筆者はプライバシーマーク取得企業が実施したリスク分析で、効果を上げている事例をみたことがありません。審査基準にも問題がありますし、審査機関が推奨している様式にも問題があります。
まずは、リスク分析に関する審査基準を確認してみます。
- 特定した個人情報ごとにリスク分析を実施する(グルーピングも可)
- 個人情報のライフサイクル(取得、入力、利用、保管、廃棄等)に基づいてリスク分析を実施する
- 認識したリスクに対して、実施しているリスク対策を特定し、社内規程との関係を明確にする
- リスク対策を実施した上で、尚残存するリスクを特定する
上記の基準に基づいてリスク分析をすると、下表のような無意味なスプレッドシートをグルーピングした個人情報ごとに大量に作成することになります。
次に何をするべきかが浮かび上がってこない
信じられないことですが、要件を満たしていれば、このような無意味なリスク分析でも審査に合格することができます。
「②個人情報のライフサイクル(取得、入力、利用、保管、廃棄等)に基づいてリスク分析を実施する」の基準が実はネックになっています。事業者はリスクを抽出するために業務フロー図を作成してみる等、色々と取組をおこないます。
読者からのお怒りを買うかもしれませんが、「業務フローを可視化すればリスク分析ができる」これは幻想なのです。
近年発生した情報漏えい事故を思い浮かべてください。委託先の常駐者が大量の個人情報をスマートフォンにコピーして持ち出した事故、標的型攻撃にあいファイルサーバ内のファイルを根こそぎ持って行かれた事故など。これらの事故につながったリスクは業務フローからは浮かび上がりません。
実は、業務フローから浮かび上がるリスクは「オペレーションミス」のみなのです。組織が抱える課題、情報システムが抱える課題、インフラ・ファシリティが抱える課題、これらを性悪説をベースで洗い出すのが余程有効です。
では、どうすればプライバシーマークの基準の中で、良いリスク分析ができるのか。簡単です。「当社にはどのようなセキュリティ上の課題があるのか?」というシンプルな問いを、自ら、あるいは関係者に投げかけてみてください。コンサルタントなどの専門家にファシリテートさせると、さらに効率的かつ効果的に課題の洗い出しをおこなうことができます。ここで上がってきた課題を「残存リスク」として認識します。
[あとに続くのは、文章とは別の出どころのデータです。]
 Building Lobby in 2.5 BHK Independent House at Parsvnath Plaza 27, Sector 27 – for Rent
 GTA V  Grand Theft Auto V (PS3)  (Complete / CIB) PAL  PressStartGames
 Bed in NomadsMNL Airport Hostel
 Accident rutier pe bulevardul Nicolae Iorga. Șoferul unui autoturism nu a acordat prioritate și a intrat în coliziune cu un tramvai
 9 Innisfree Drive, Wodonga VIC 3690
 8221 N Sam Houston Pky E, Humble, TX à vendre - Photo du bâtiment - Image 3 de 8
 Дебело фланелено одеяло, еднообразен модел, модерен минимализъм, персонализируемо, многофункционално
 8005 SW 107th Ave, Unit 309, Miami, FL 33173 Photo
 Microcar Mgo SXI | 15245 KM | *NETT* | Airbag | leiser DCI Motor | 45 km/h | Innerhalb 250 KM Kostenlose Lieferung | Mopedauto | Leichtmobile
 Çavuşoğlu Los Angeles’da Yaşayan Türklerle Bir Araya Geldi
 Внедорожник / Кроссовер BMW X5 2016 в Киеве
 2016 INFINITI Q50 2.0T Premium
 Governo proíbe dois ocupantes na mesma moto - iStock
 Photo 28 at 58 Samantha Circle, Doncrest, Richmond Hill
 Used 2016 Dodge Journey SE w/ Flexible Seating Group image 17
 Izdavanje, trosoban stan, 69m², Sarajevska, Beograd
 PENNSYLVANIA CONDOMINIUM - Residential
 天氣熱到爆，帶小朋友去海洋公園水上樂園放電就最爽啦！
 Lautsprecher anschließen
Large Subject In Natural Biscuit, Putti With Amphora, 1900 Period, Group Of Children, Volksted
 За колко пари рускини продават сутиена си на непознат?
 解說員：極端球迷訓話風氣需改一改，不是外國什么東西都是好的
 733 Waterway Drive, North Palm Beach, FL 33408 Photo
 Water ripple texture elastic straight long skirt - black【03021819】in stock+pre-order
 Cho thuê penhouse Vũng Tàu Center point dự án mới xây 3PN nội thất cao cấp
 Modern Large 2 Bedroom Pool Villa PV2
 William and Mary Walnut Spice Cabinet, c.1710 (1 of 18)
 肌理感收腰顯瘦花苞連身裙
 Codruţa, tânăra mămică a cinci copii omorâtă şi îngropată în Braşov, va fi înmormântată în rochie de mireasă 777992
芯を食った「残存リスク」の認識が最も重要です。「不注意」や「確認漏れ」のような芯を外した「残存リスク」の認識は寧ろ有害です。(Pマークの審査員の中にはこのように芯を外した残存リスクの記載を要求するケースもあり、注意が必要です)
最後に、残存リスクを経営陣に報告し、優先順位付けも含めた会社としての対応を検討します。プライバシーマークでは求められていませんが、「リスク対応計画」を立案は必須だと考えてください。これがないとリスク分析は単なる自己満足に終わってしまいます。